Despite his legal woes, Chapman says he'd still capture a fugitive rapist

Calling himself “a prisoner of war in a war against crime,” Duane “Dog” Chapman says that, despite his arrest for bounty hunting in Mexico and the prospect of jail time, “I would absolutely do it again.”

On Tuesday night’s A&E special Dog: The Family Speaks Out, Chapman said, “You sit all alone in your cell and you wonder, Is this karma?” and admitted, “My biggest fear is going back to Mexico and doing time.” He faces six months to four years in a Mexican prison.

Chapman, 53, his son Leland, 29, and brother Timothy Chapman, 41, were arrested by U.S. marshals in Hawaii on charges of depravation of liberty and illegal seizure for their 2003 capture of convicted serial rapist Andrew Luster in Mexico.

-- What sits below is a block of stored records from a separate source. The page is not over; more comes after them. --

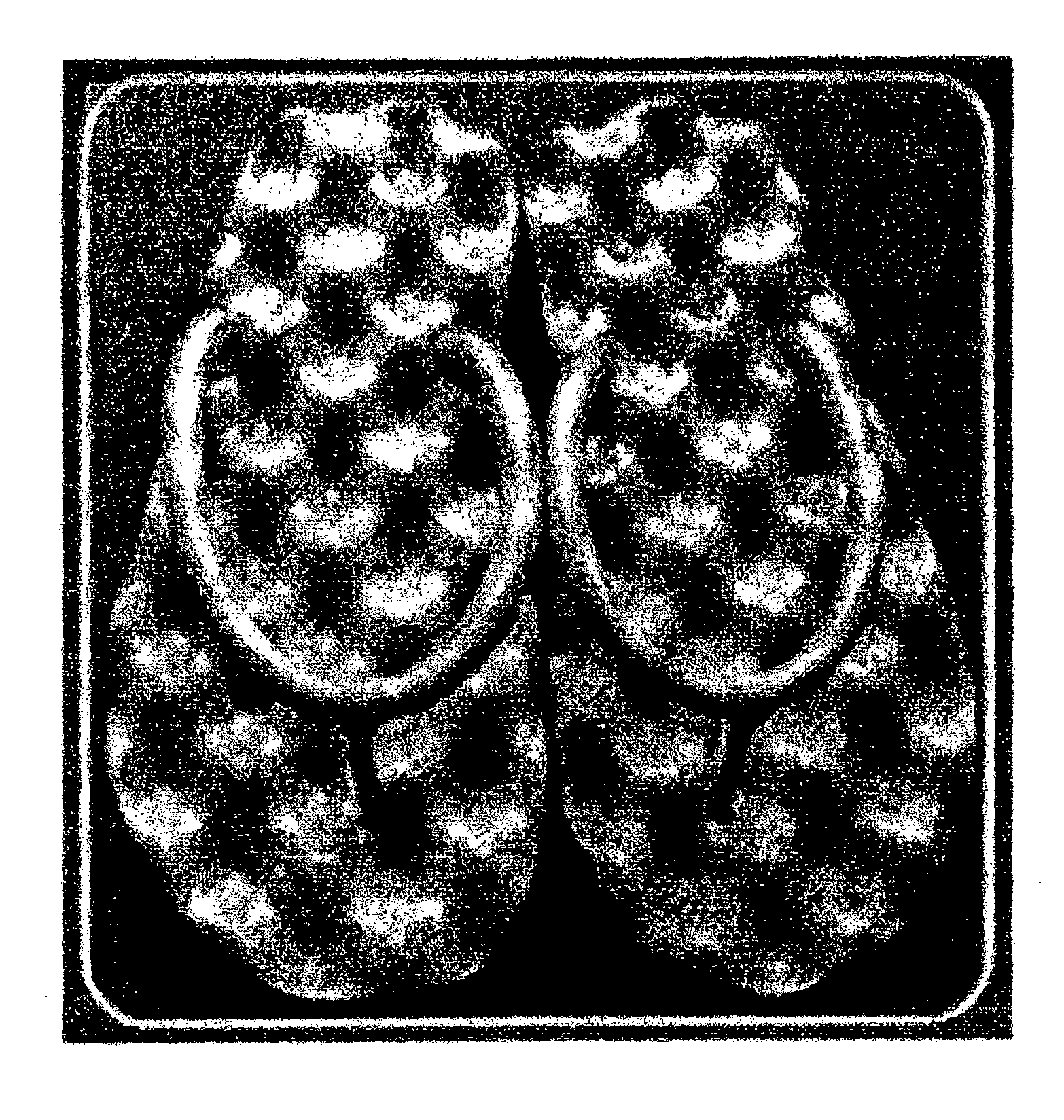 Massaging footbed having sole with pattern of waves and method of making same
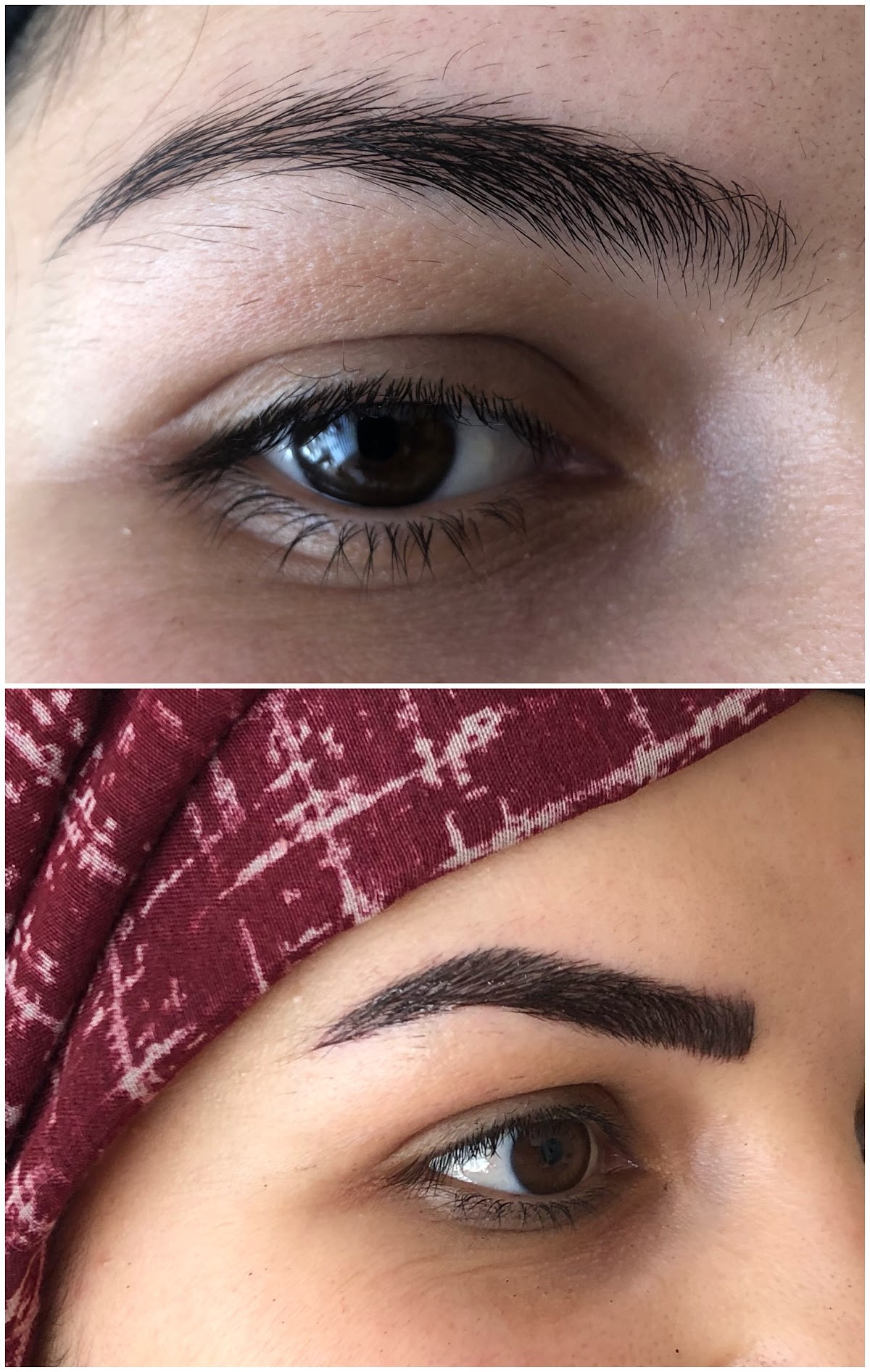 Sorgun Lazer Epilasyon Ve Güzellik Merkezi – Fotoğraf 8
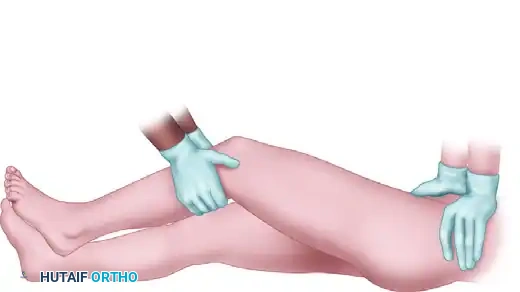 FIGURE 55-57 Allis reduction maneuver for posterior hip dislocation.
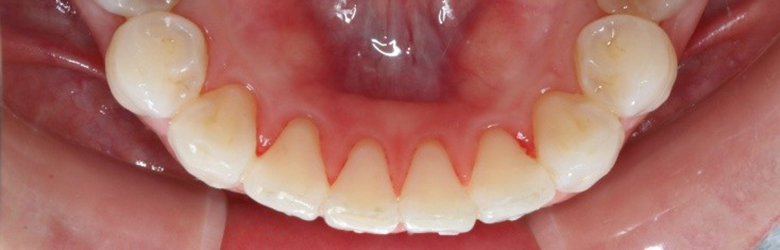 港区（三田・赤羽橋）の矯正歯科専門医院、矯正歯科クリニック三田赤羽橋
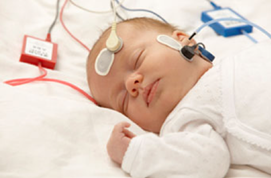 Infant sleeping while Auditory Brainstem Response (ABR) test is being taken.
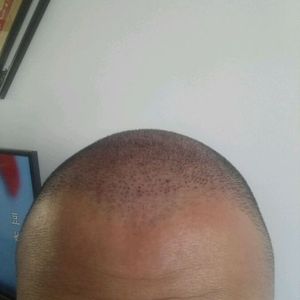 发际线分享社区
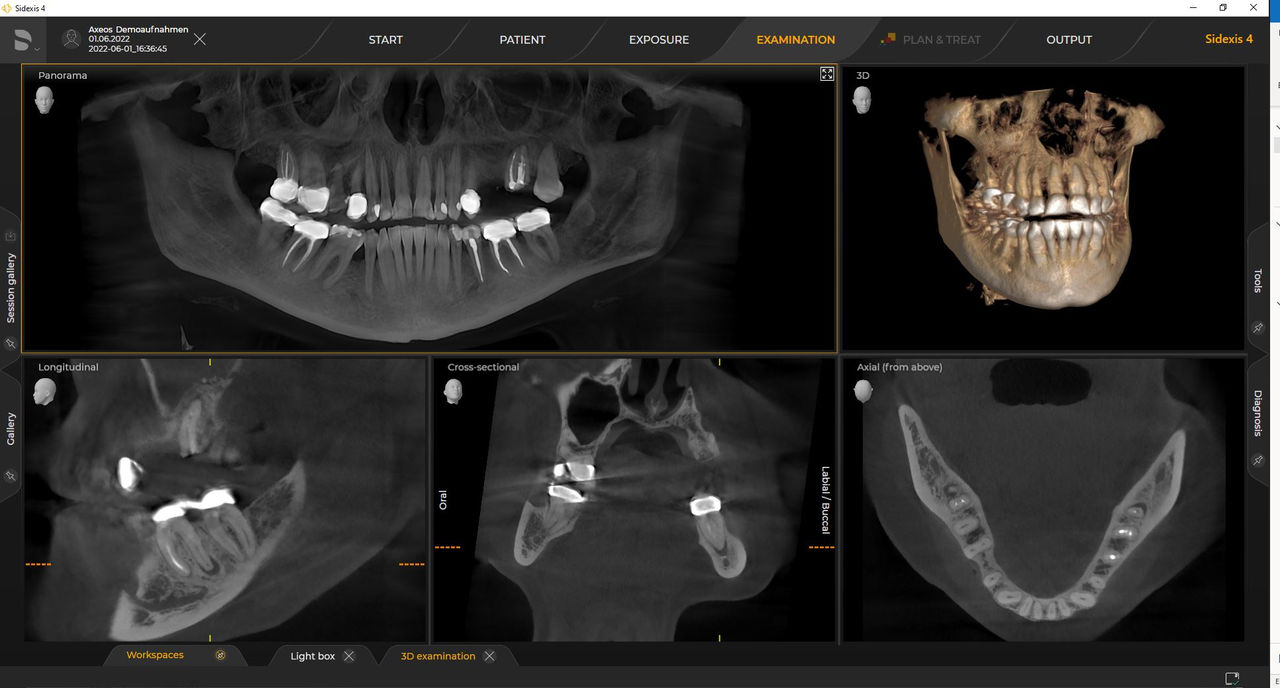 Radiographie 3D HD Ø 11 cm x 10 cm HD
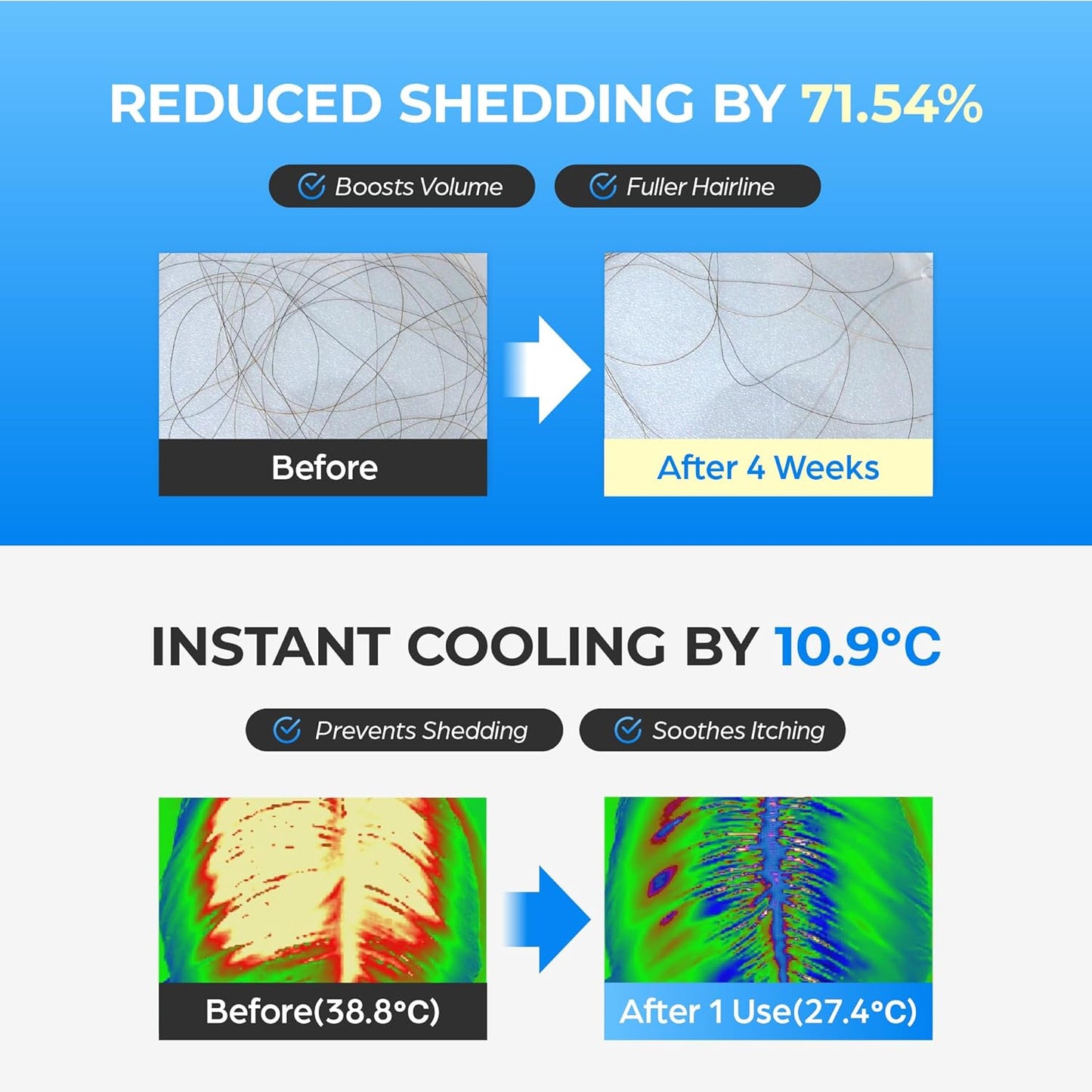 Scalpy Hair Growth Serum for Men & Women for Hair Loss & Thinning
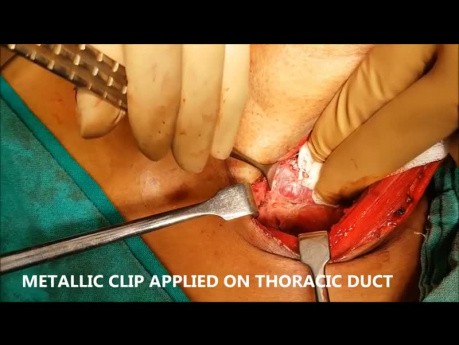 Chyle Leak in Neck from Thoracic Duct
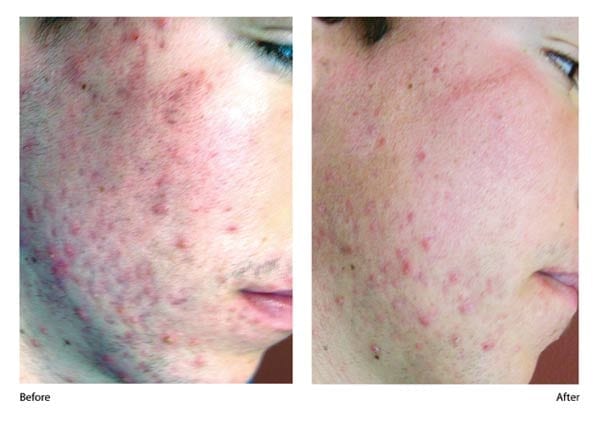 acne_001-large - Amy A. Vaughan, M.D. Dermatology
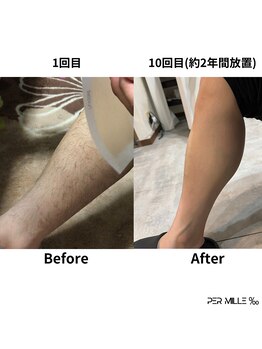 パーミル(per mille‰)/Before/After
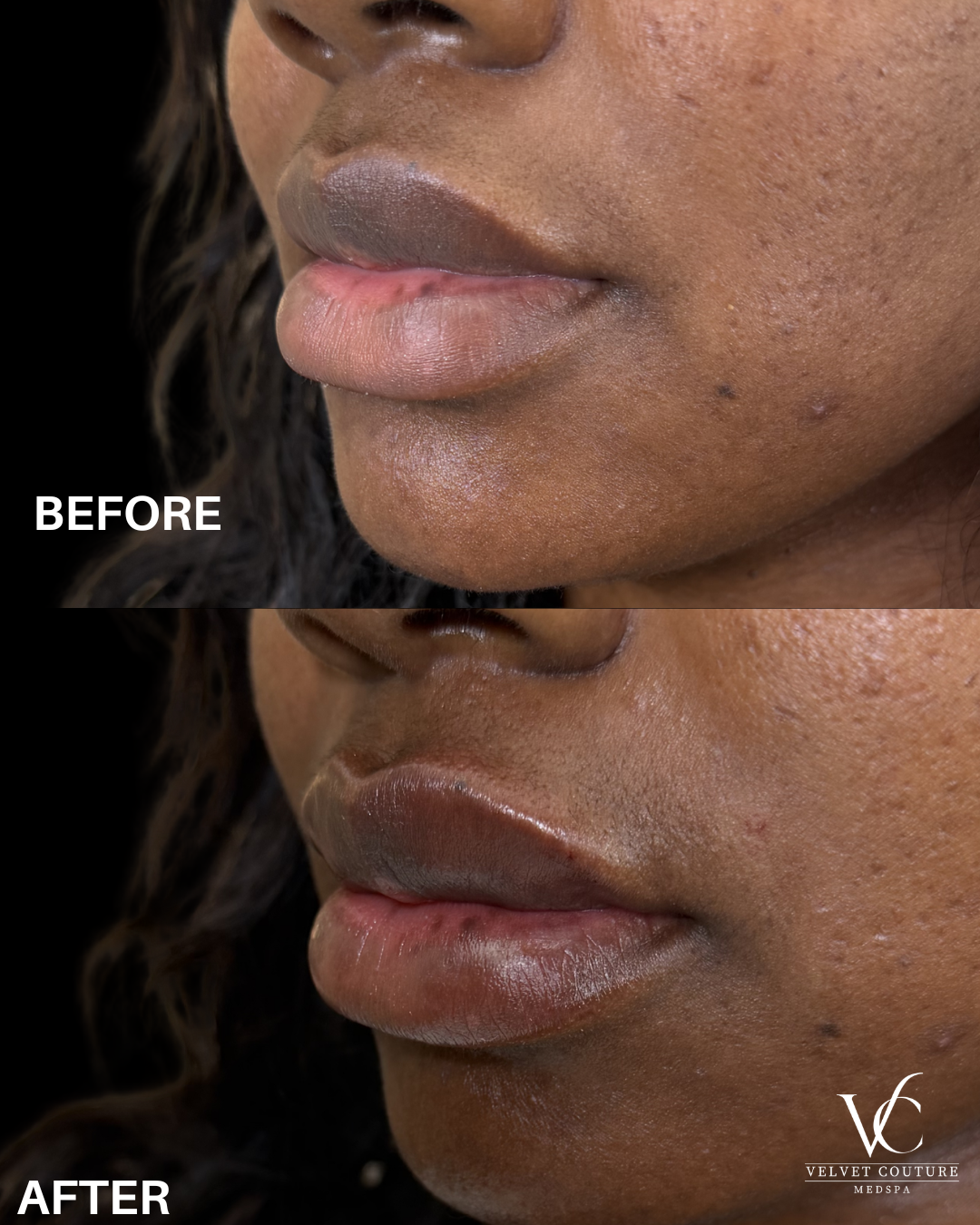 Green and Beige Minimalist Skincare Before After Collage Instagram Post - 1.png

Though Luster is now serving a 124-year prison term in the U.S., bounty hunting is illegal in Mexico, and the three face extradition.

The raid on Chapman’s home took place just before dawn on Sept. 14. On the TV special, Chapman said that when his wife Beth told him marshals were there to arrest him, his response was, “No. My taxes are paid. What have I done?”

He added, “They arrested me the way I would have arrested them with respect.” But, he said, he heard the words he dreaded most: “The Mexican government wants you back.”

Chapman spent the night in a federal lock-up before posting $300,000 bond at a Sept. 15 bail hearing. “I was put in a cell – if you can imagine what Hannibal Lecter went through, minus the collar,” he said.

Leland Chapman said the other prisoners, many of whom had been put behind bars by the bounty hunters, “were screaming at us, saying they were going to kill us.”

Now wearing an ankle monitor and required to stay in his house between 11 p.m. and 5 a.m., Chapman joked about being under his wife’s supervision, and wondered what she might do if he doesn’t finish his spaghetti. Said Beth, “I got him where I want him. This is going to work out splendidly.”

Still, the family is worried. Chapman’s lawyers said they hoped the matter would be resolved without going to trial, though that may not be possible.

Meanwhile, Chapman’s defense could cost hundreds of thousands of dollars. To help, one of Andrew Luster’s victims is starting a legal defense fund.

At the end of the show, Chapman said, “I tell my kids, Your daddy’s going to die with his boots on. Truth and justice have to prevail.”